Exercise brief –
For the material below, the expected output is exactly the lines between the line holding "Barley cottage ,(granarycottages)" and the line holding "Le‎ Mont St", inclusive, with pictures left out.

Recorded data –
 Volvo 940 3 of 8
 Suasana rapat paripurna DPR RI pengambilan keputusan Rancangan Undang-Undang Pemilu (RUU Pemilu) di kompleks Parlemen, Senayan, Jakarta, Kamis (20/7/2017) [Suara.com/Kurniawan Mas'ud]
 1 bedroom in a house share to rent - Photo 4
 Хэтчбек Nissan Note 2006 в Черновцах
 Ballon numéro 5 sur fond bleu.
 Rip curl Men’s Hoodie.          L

--

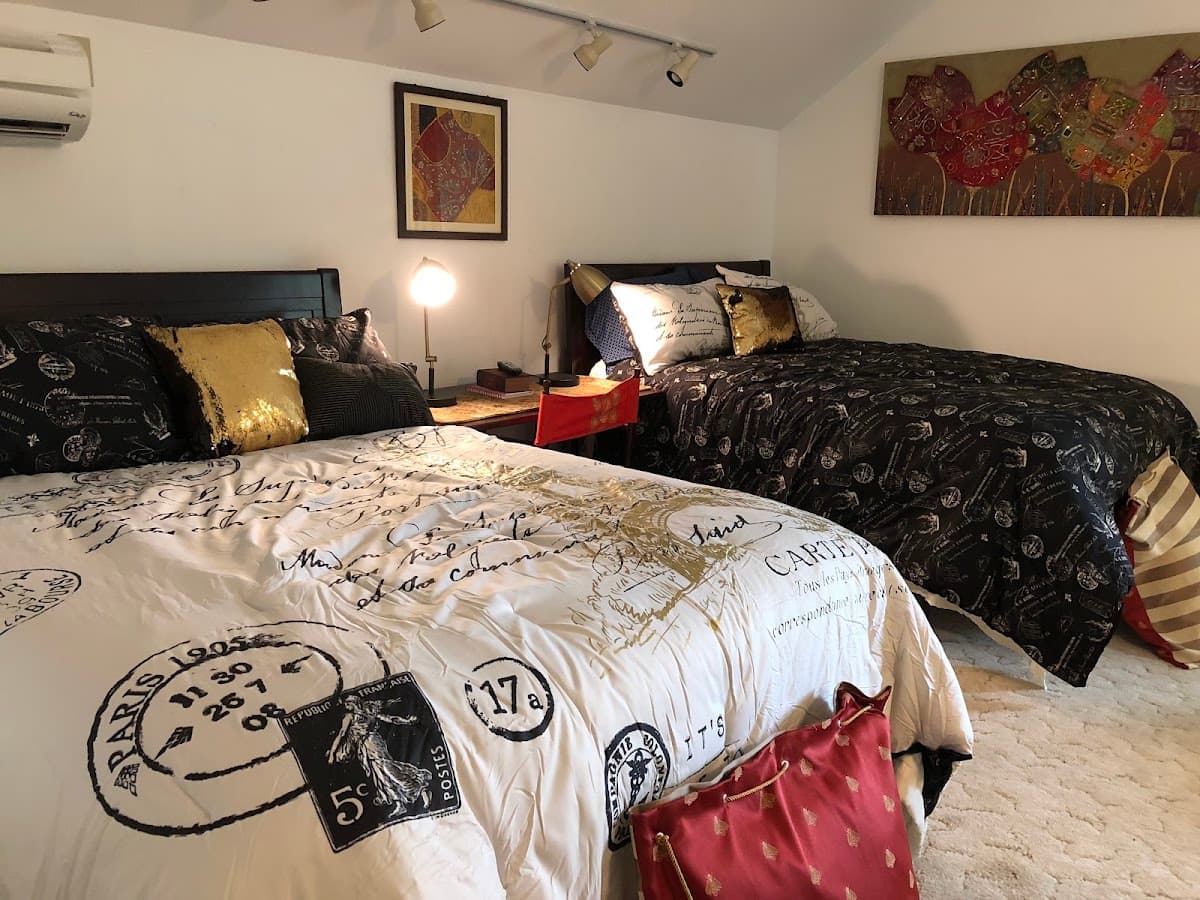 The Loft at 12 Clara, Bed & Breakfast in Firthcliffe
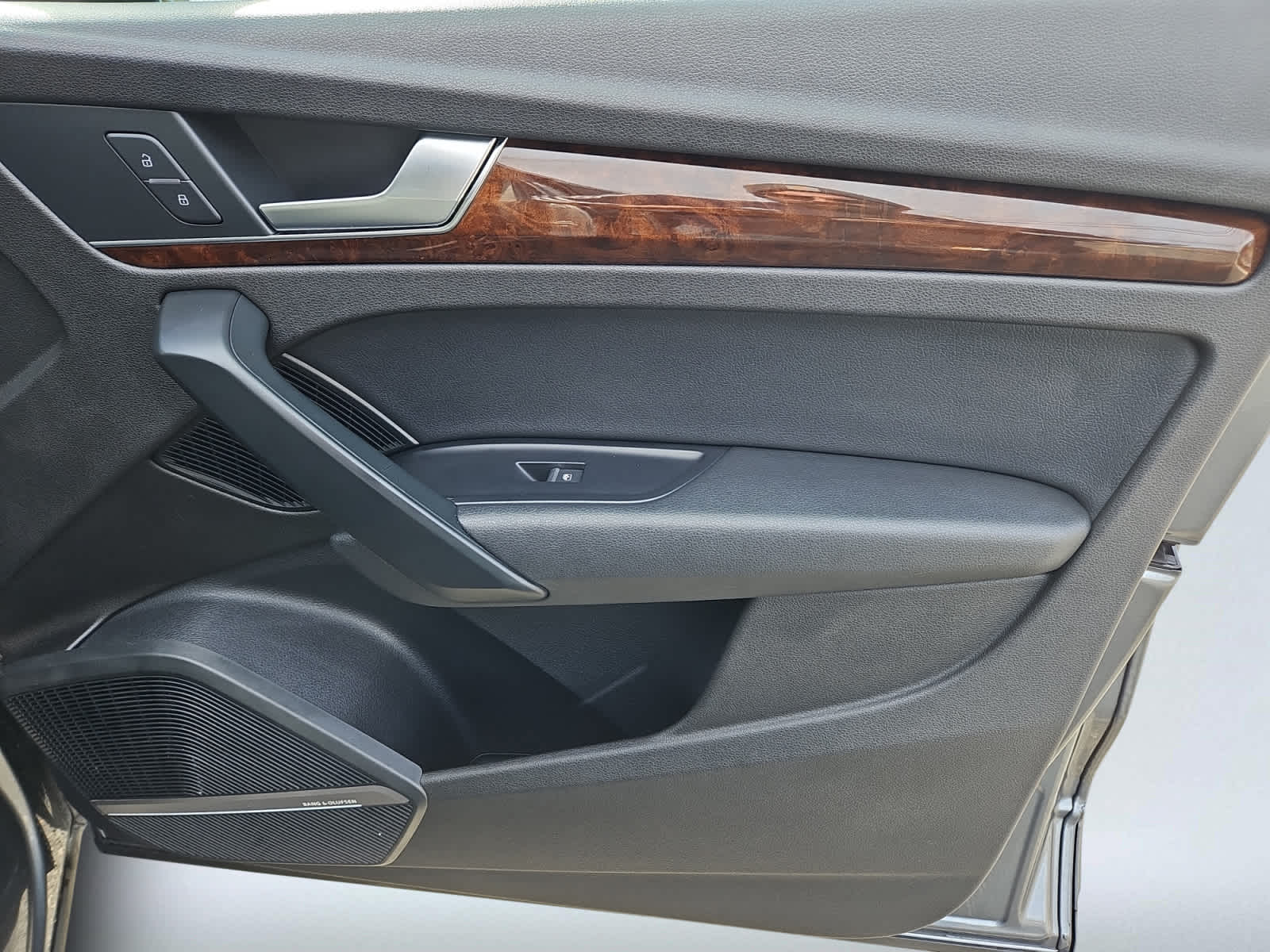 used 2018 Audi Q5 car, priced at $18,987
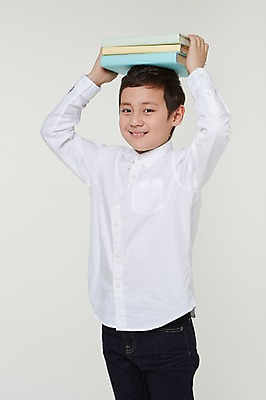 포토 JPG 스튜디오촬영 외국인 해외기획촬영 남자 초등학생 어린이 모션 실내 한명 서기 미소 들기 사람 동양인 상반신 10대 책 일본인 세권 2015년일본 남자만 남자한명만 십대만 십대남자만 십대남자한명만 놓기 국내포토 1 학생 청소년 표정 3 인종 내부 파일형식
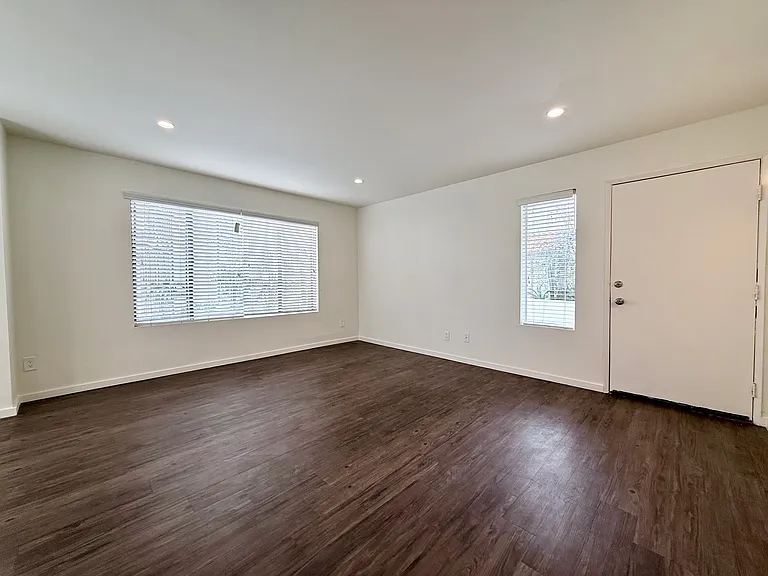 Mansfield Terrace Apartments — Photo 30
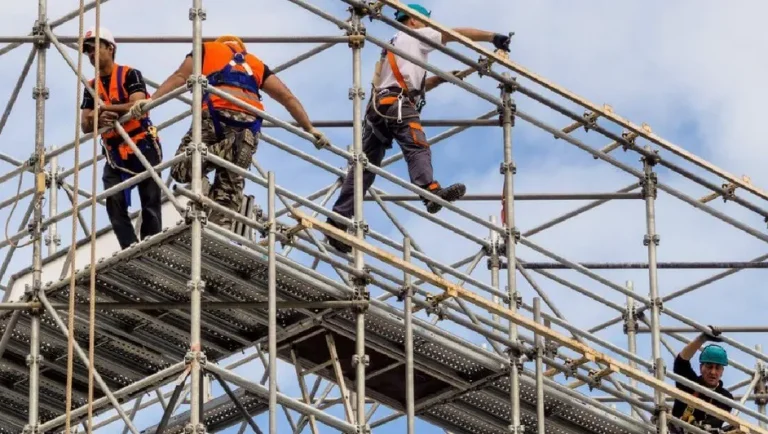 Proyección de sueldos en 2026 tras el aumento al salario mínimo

...

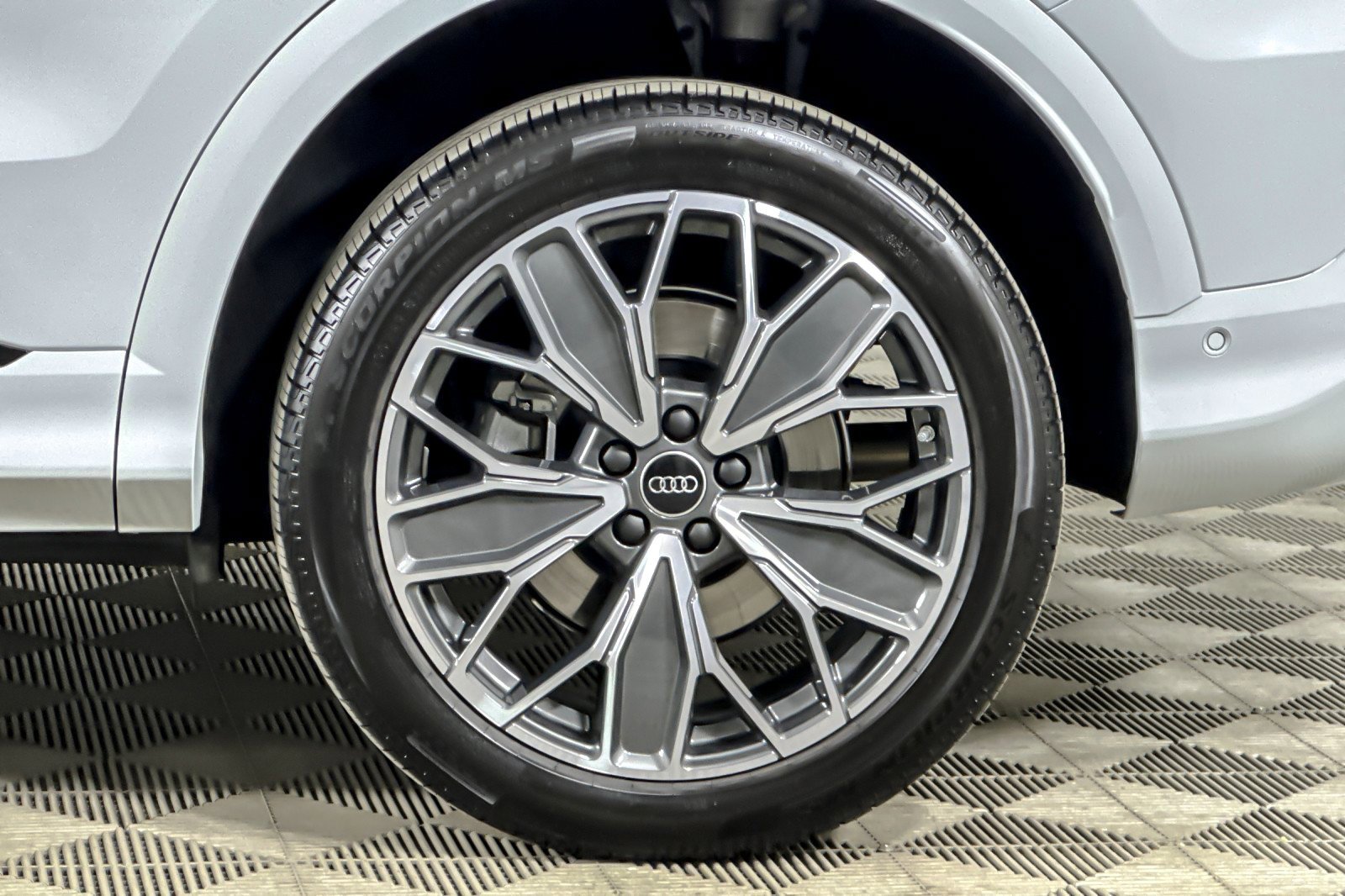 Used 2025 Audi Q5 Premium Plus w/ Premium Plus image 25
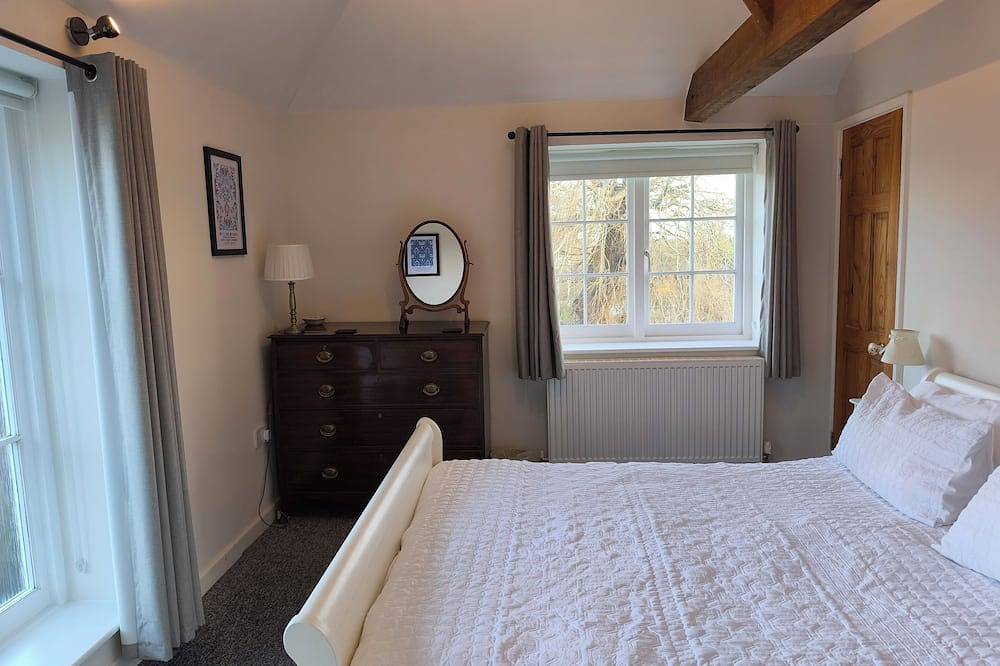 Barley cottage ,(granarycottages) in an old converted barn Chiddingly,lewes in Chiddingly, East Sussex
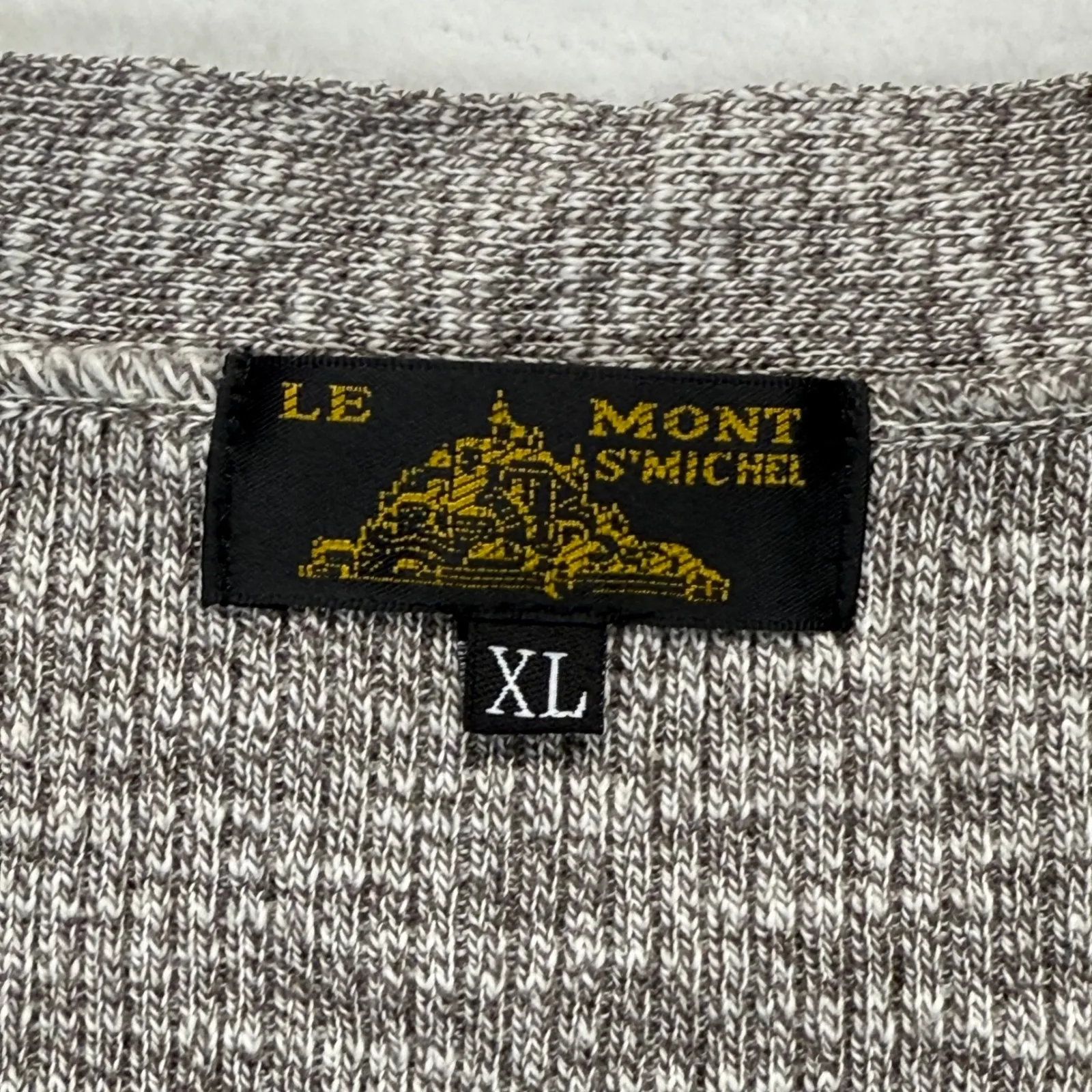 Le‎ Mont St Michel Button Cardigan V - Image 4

Final answer –
 Barley cottage ,(granarycottages) in an old converted barn Chiddingly,lewes in Chiddingly, East Sussex
 Le‎ Mont St Michel Button Cardigan V - Image 4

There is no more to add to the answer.